**** DATA LISTING ****

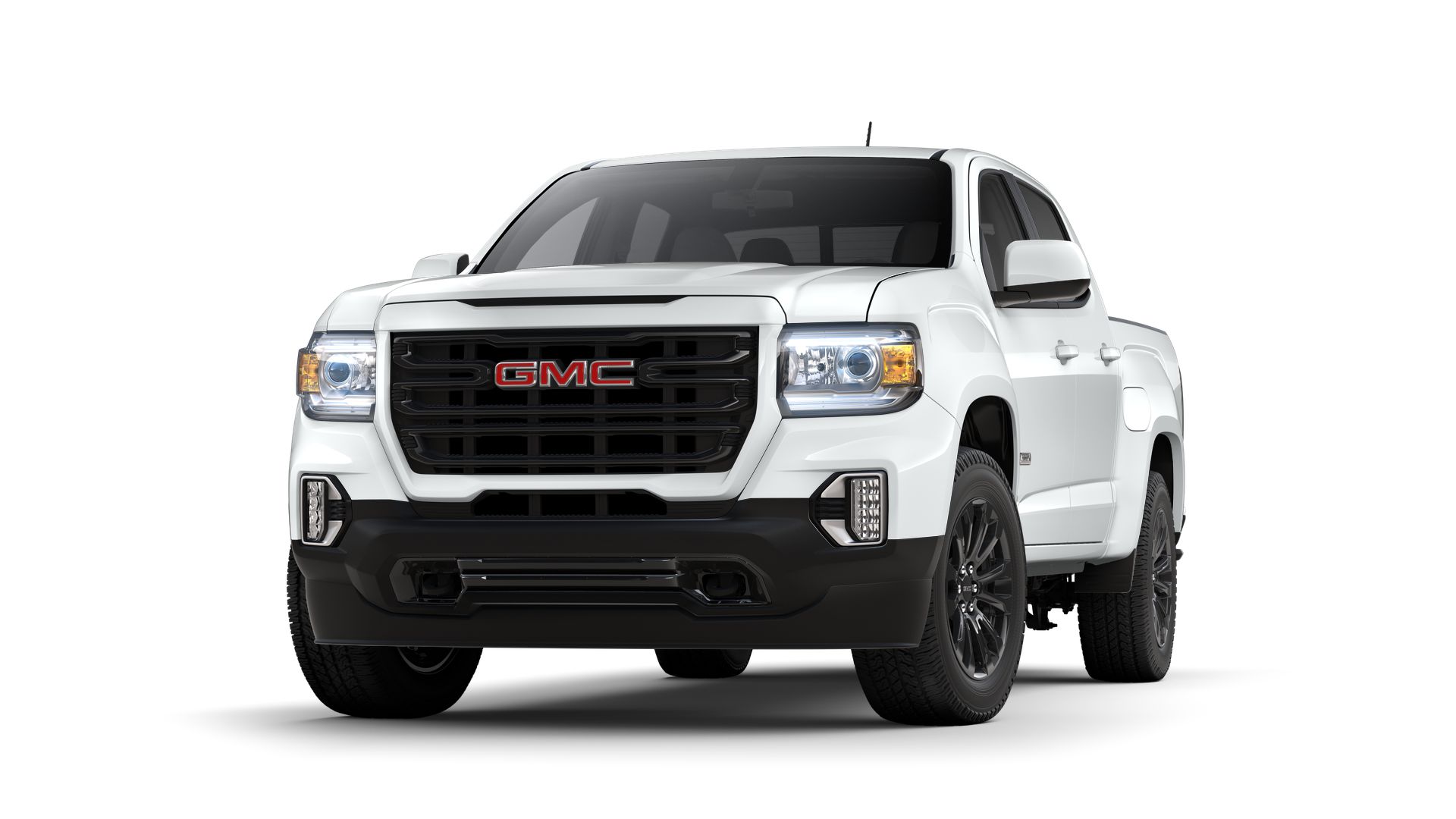 2022 GMC Canyon Vehicle Photo in COLUMBIA, TN 38401-2432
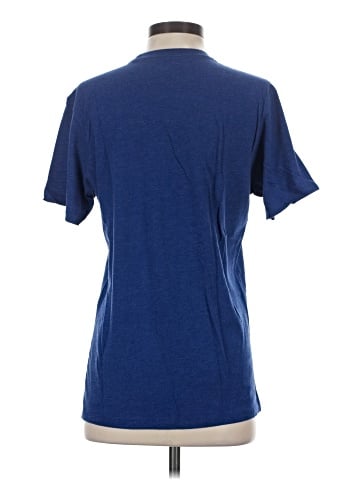 47 Brand Short Sleeve T-Shirt (view 2)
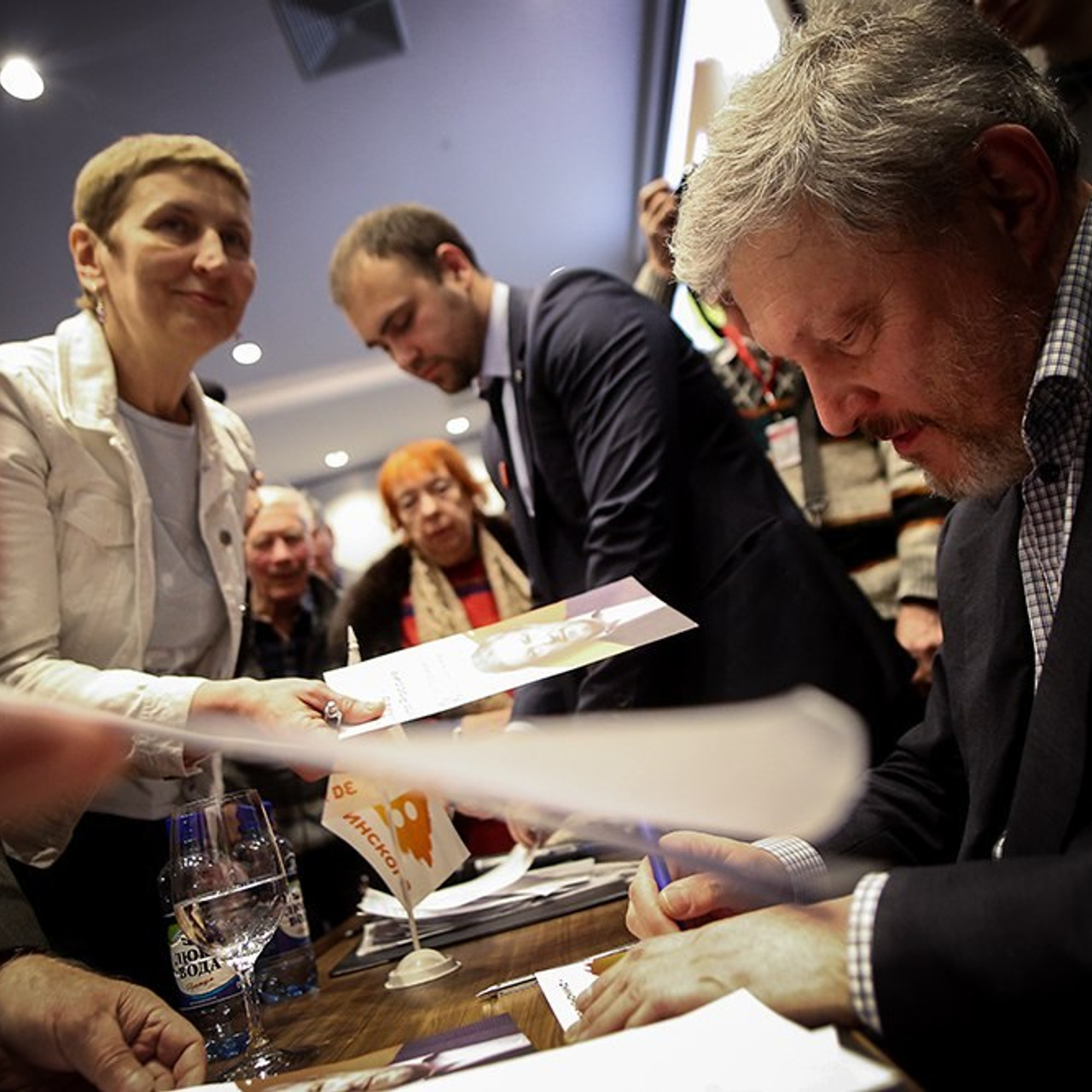 штаб, выборы, политика, экономика, явлинский, оппозиция, яблоко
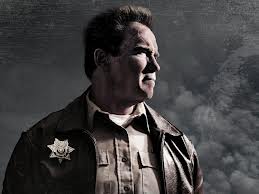 Фильм «Возвращение героя» собрал в США почти $12 млн 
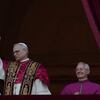 Las desconocidas raíces españolas del papa León XIV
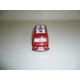 Tekno Denmark   Ford Transit  BR LEGETOJ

****

▸ **GOAL OF THE EXERCISE**: The copy you give must run from the line containing "Las desconocidas raíces" through the last line of the records, exactly, with the pictures left out.

▸ **WRITTEN REPLY**:
 Las desconocidas raíces españolas del papa León XIV
 Tekno Denmark   Ford Transit  BR LEGETOJ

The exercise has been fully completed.